Current staffing levels across multiple clinical areas are unsafe, unsustainable, and non-compliant with professional standards. The ongoing reliance on agency, overtime, and redeployment places both patient safety and staff wellbeing at significant risk. There are significant staffing deficits across the Emergency Department, 22% less than the recommended number of 62.5 whole-time equivalents which is based on the 2022 Safe Staffing Framework. Emergency Department attendances have increased from 29,592 in 2022 to 37,654 in 2025, approximately 27%. The current staffing cohort is 48.5WTE, with 8 staff on maternity leave/unpaid leave that have not been replaced and with no uplift for the increase in attendances.
Our members are very disappointed that it has come to this, but unfortunately, they feel the risks being posed to patients due to ongoing understaffing problems have become too significant and that their concerns are not being taken seriously.

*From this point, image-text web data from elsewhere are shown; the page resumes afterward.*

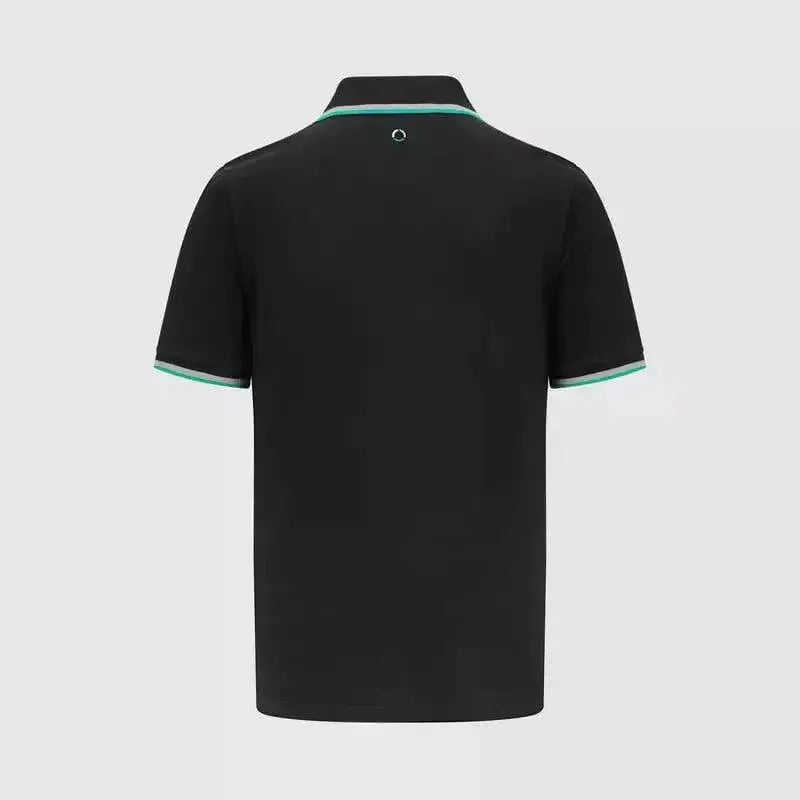 Mercedes-AMG F1 Classic Polo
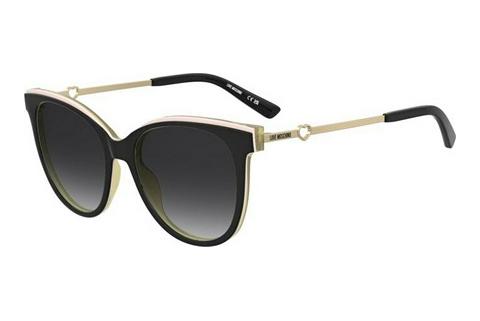 Lunettes de soleil Moschino MOL085/S SDK/9O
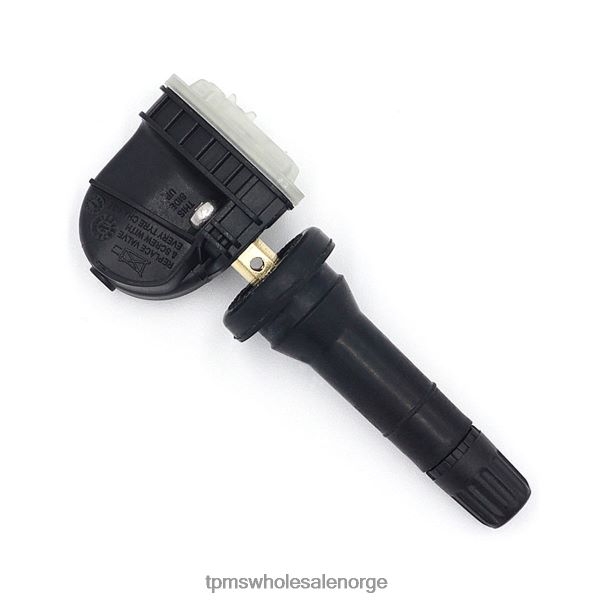 TPMS Sensor Pris - tpms endre trykksensoren 3601010bs01 433mhz 8H662J1733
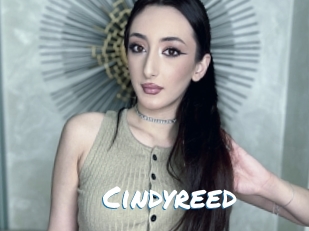 Cindyreed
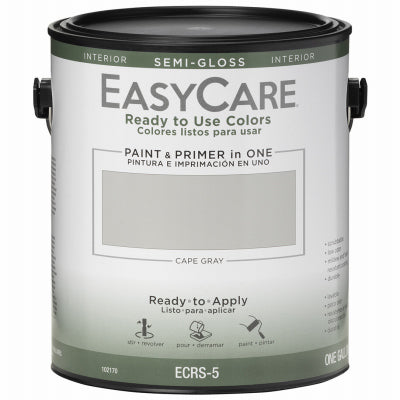 GAL LTX SG RTU Cape GRY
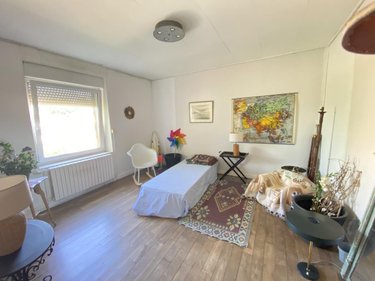 Maison a vendre La Prénessaye 22210 Côtes-d'Armor 112 m2 4 pièces 154808 euros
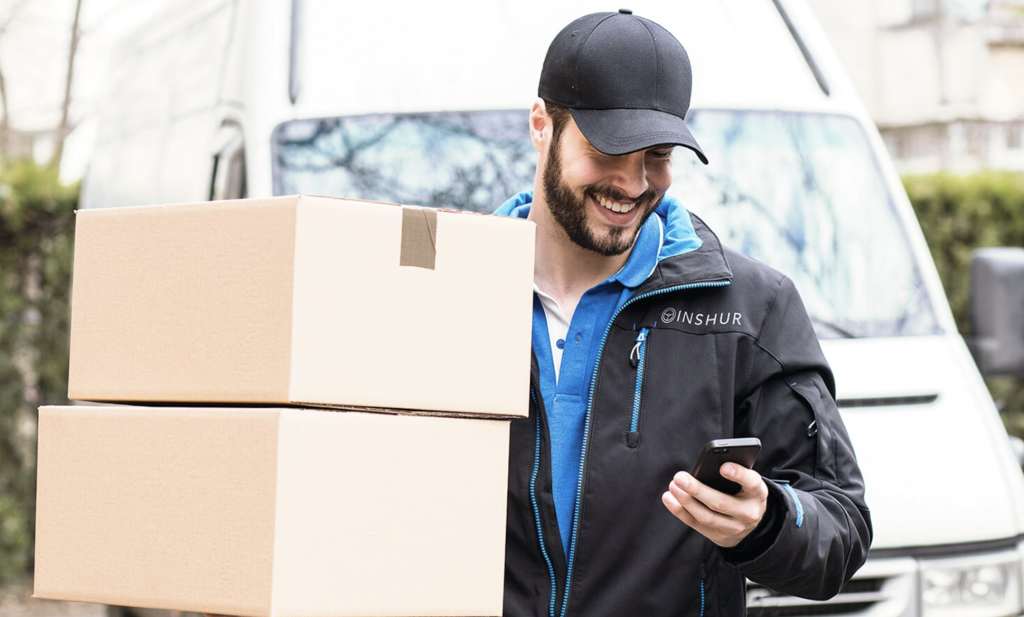 How To Get Cheap Van Insurance Online FCT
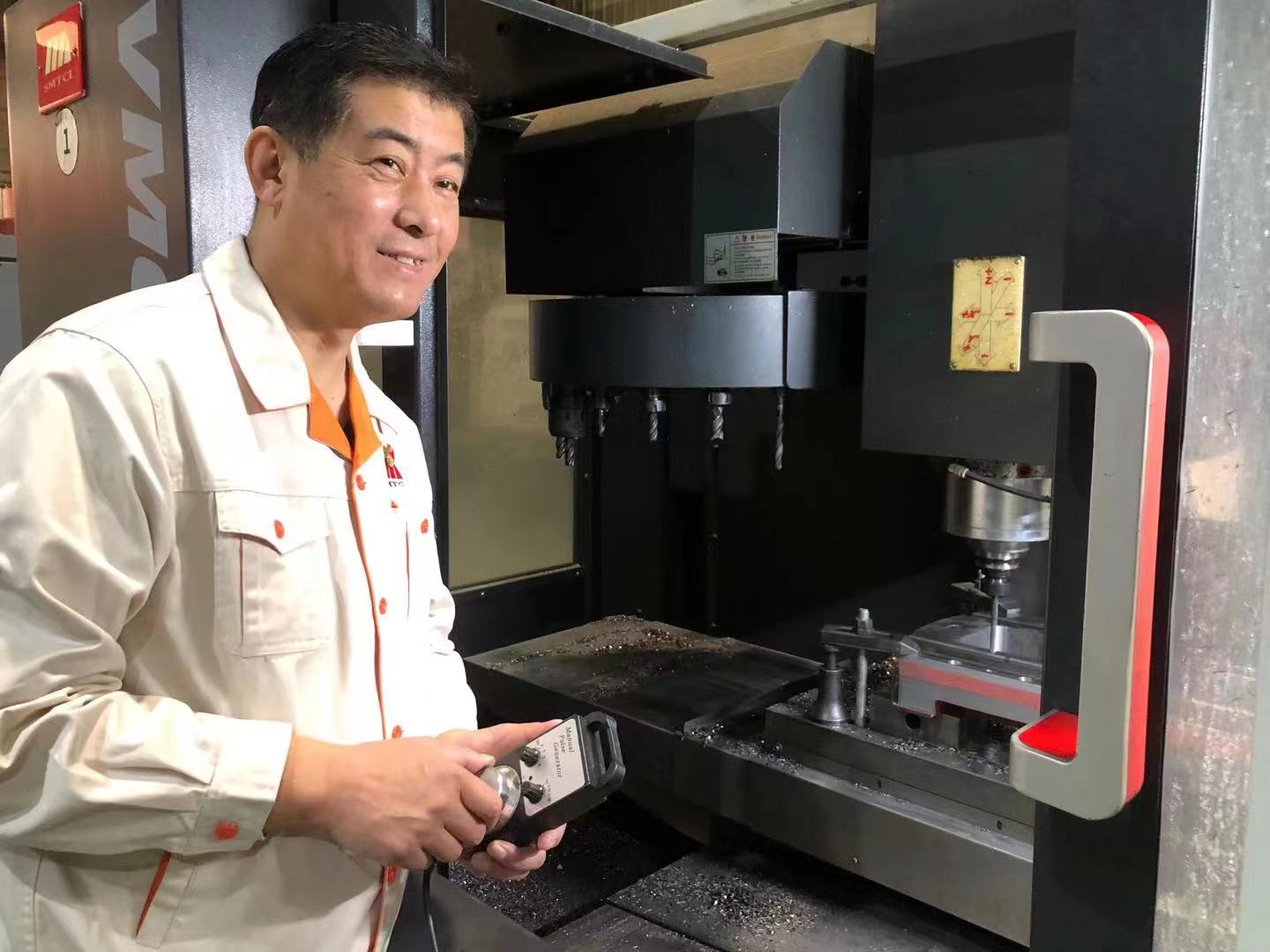 Z6���������й����ٷ���վ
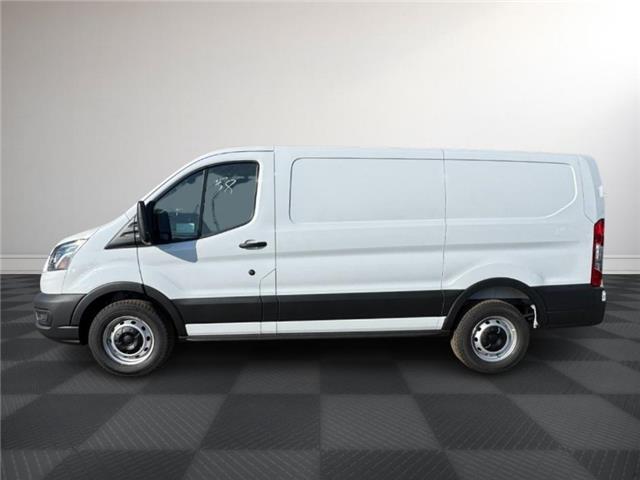 2025 Ford Transit-150 Cargo Base (Stk: TV23259) in Windsor - Image 2 of 25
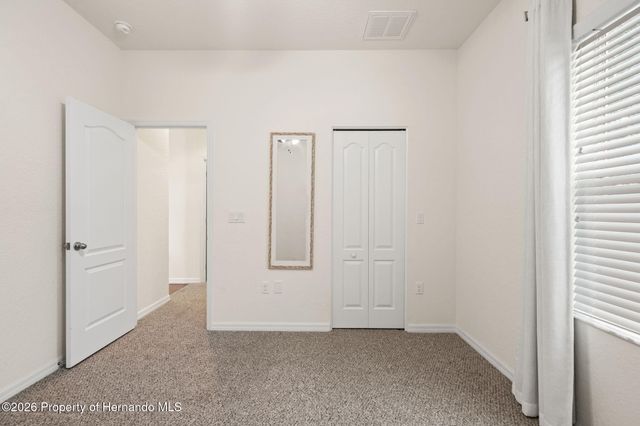 15384 Dreams Begin Lane, Brooksville, FL 34604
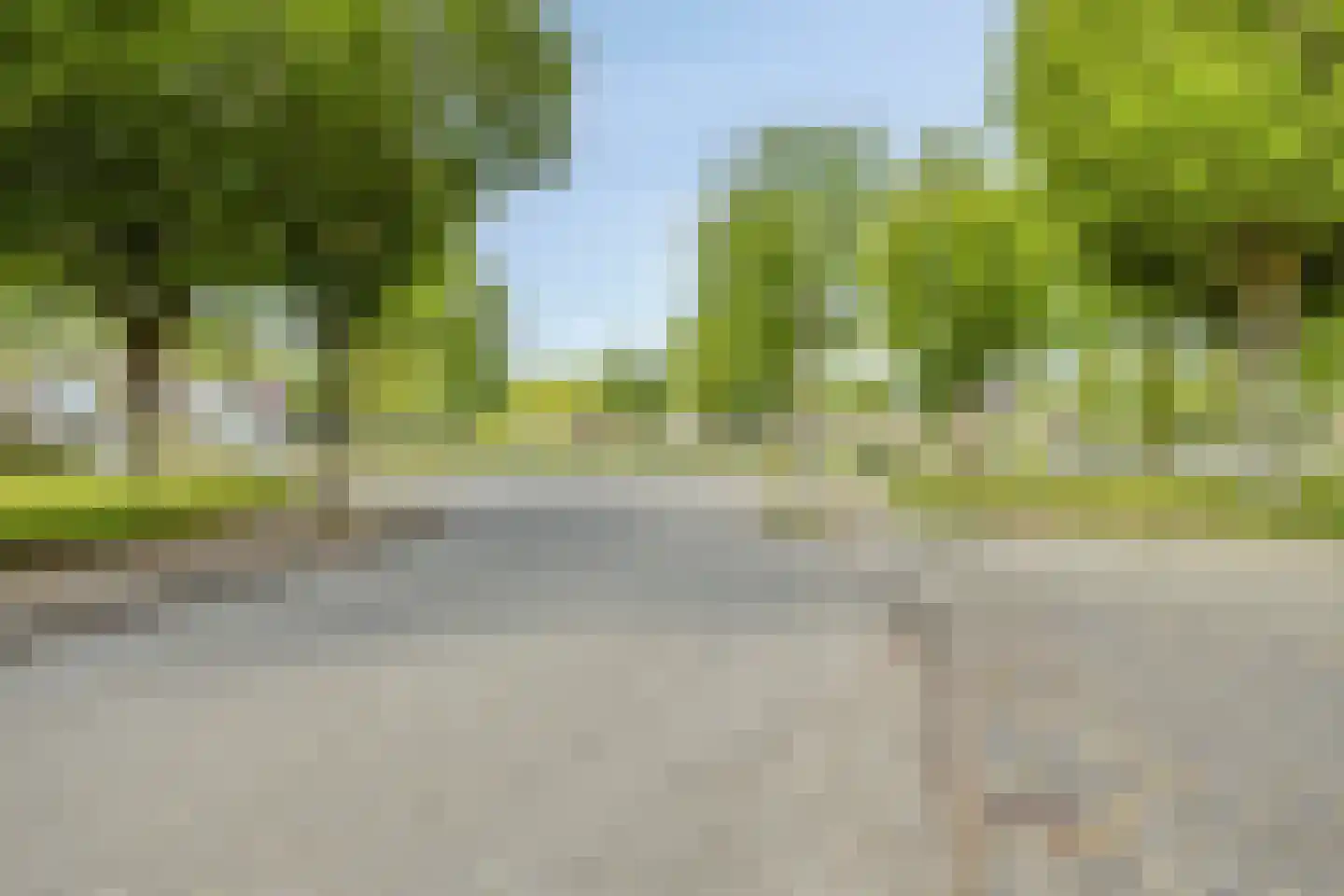 Hoogkarspelstraat 69 Tilburg thumbnail 40
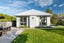 100 Memorial Avenue, Ilam, Christchurch - Carousel 31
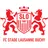 Logo of Stade Lausanne-Ouchy III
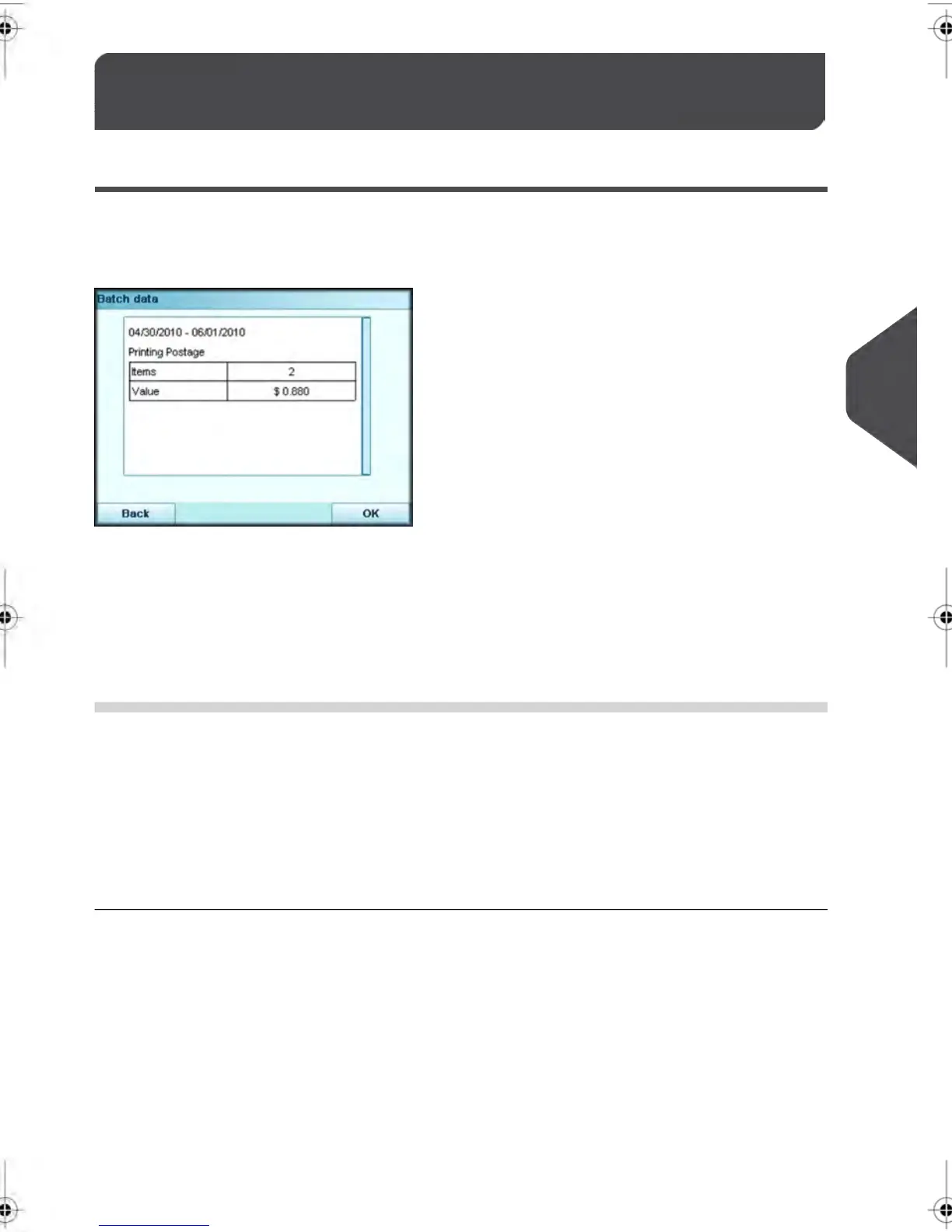 Page #153 background image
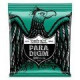 P02026 ERNIE BALL
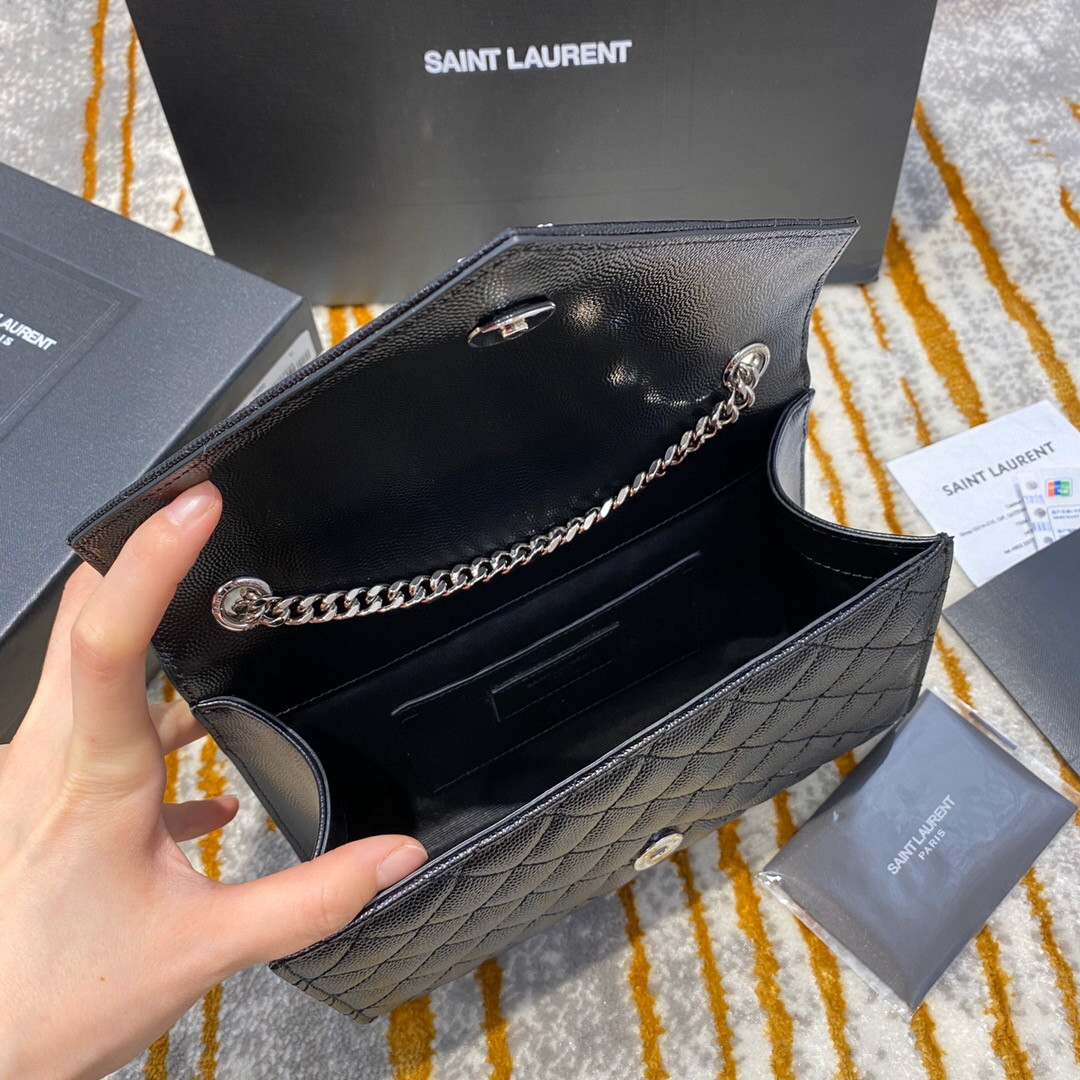 Y*L envelope small size 21cm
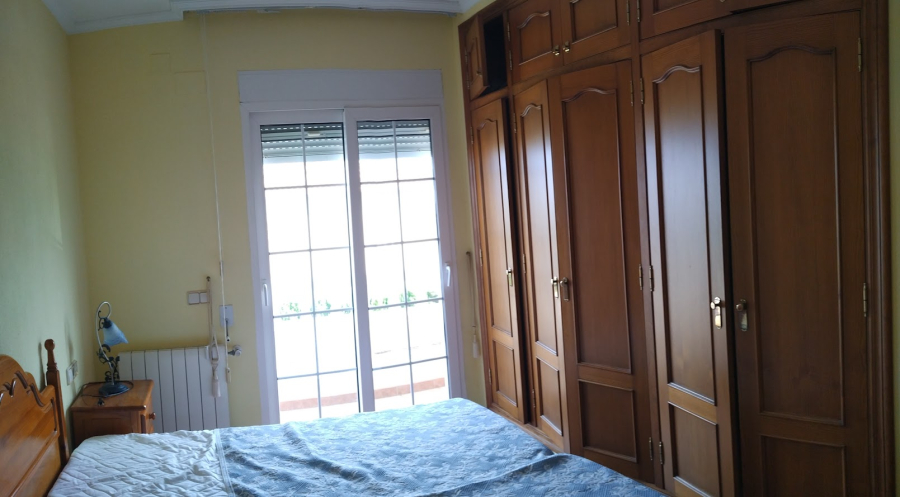 Chalet/Villa for Sale in Calpe — photo 10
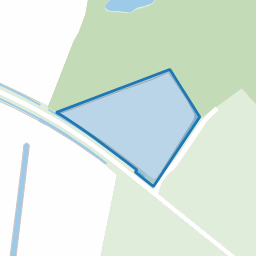 Perceel MCG00-L-235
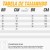 Chuteira Futsal Puma Future 8 Play IT Jr Preto / Coral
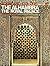 The Alhambra: The Royal Pal...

Naas General Hospital has been consistently overcrowded, with over 5,004 patients cared for on trolleys since July 2024. Attendances at the Emergency Department in Naas have increased significantly, with over 37,000 presentations in 2025, without a corresponding increase in staffing or bed capacity. Nurses in Naas are advocating for patients who deserve safe staffing levels and are highlighting that 83% occupancy is the recognised safe level, which is breached on a daily basis. They are also reminding their employer of its obligation to provide staff with a healthy and safe workplace, an obligation that is not currently being met.
The decision to ballot for industrial action has not been made lightly, but it reflects the deep frustration, exhaustion, and burnout among nursing staff who have continued to deliver high-quality care despite ongoing and unresolved staffing crises. Staffing deficits are now directly impacting the hospital’s ability to maintain safe, effective, and sustainable service delivery.